◆ Requirement ◆
When you reach the line containing "2017 HONDA PILOT", please repeat it and every line after it exactly, through the end of the listing below, skipping pictures.

◆ Data to use ◆
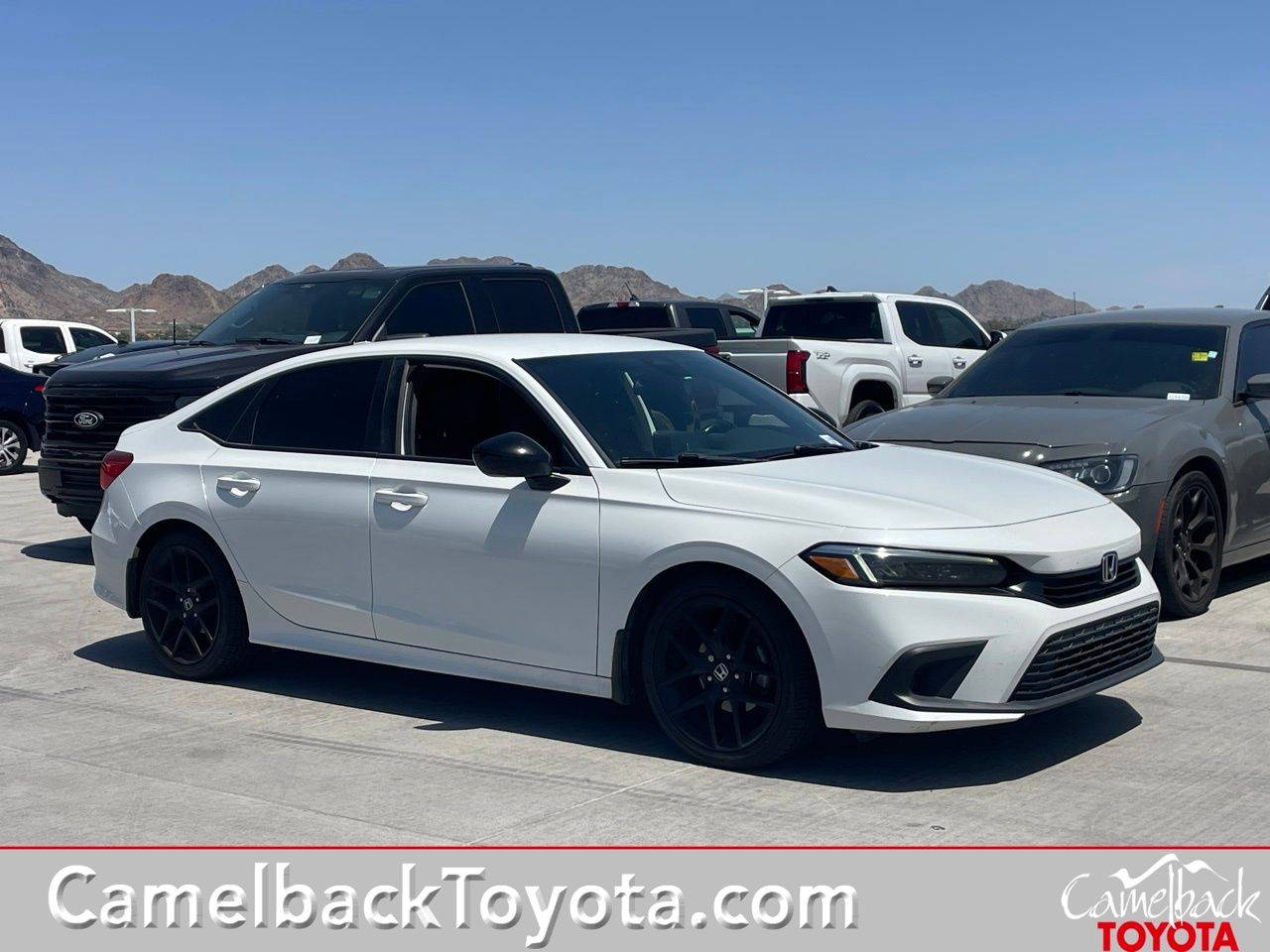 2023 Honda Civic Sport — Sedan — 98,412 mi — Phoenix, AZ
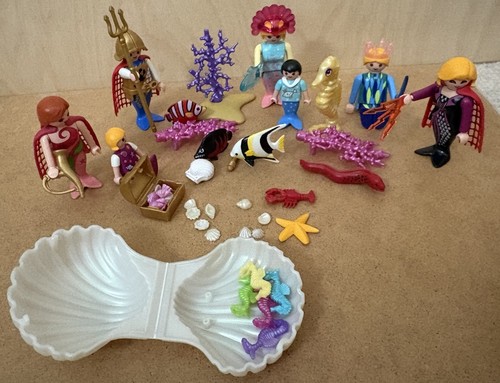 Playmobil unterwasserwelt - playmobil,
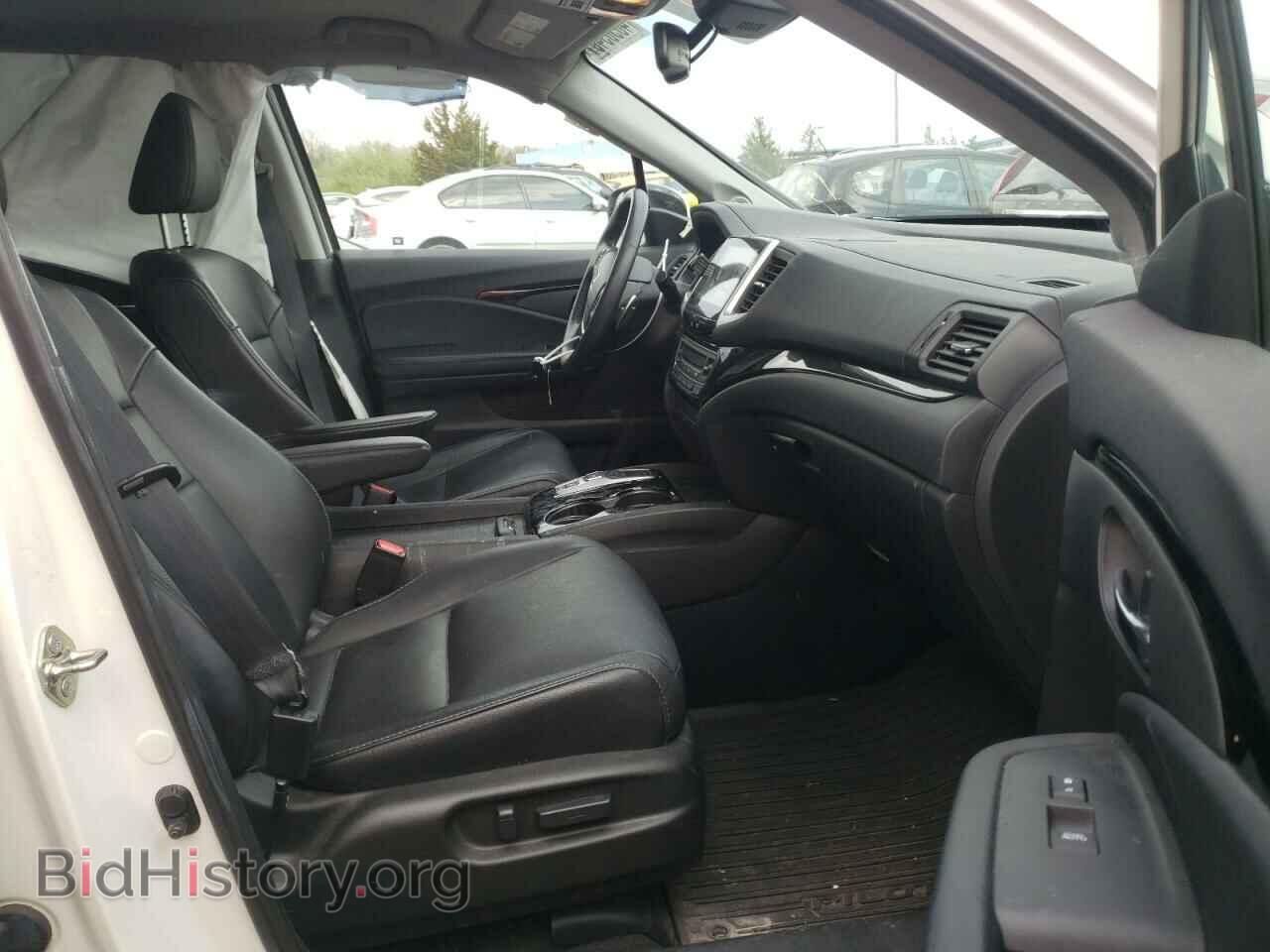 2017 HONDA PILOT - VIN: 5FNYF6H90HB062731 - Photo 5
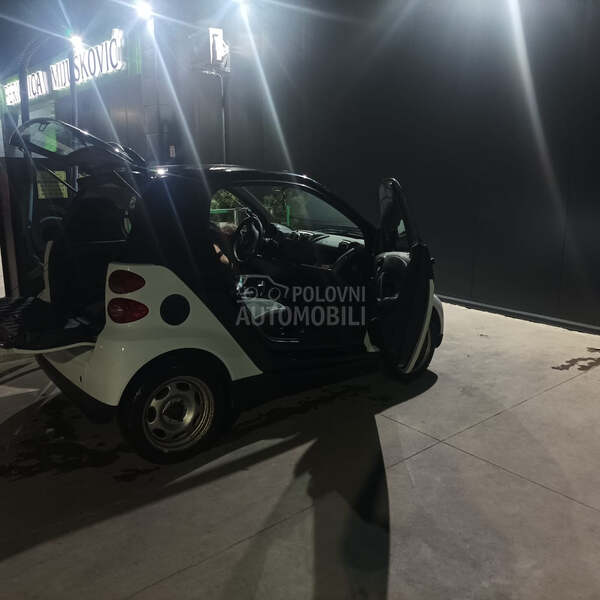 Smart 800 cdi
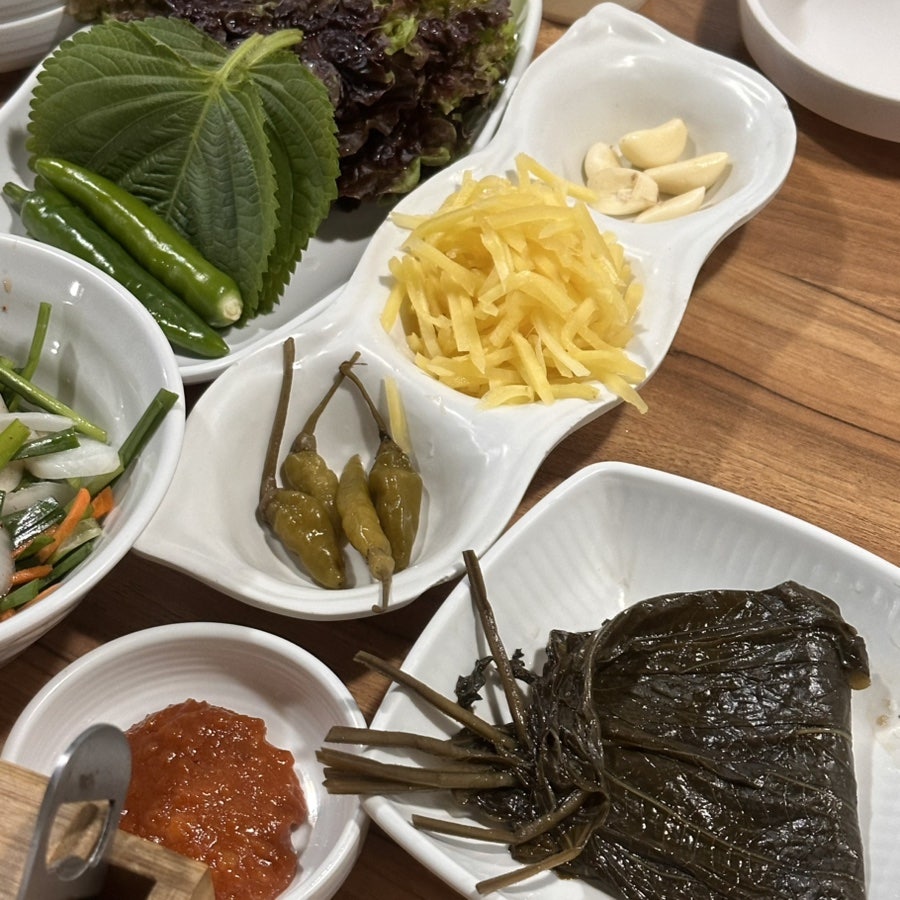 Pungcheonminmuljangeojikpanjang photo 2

◆ Reply to the exercise ◆
 2017 HONDA PILOT - VIN: 5FNYF6H90HB062731 - Photo 5
 Smart 800 cdi
 Pungcheonminmuljangeojikpanjang photo 2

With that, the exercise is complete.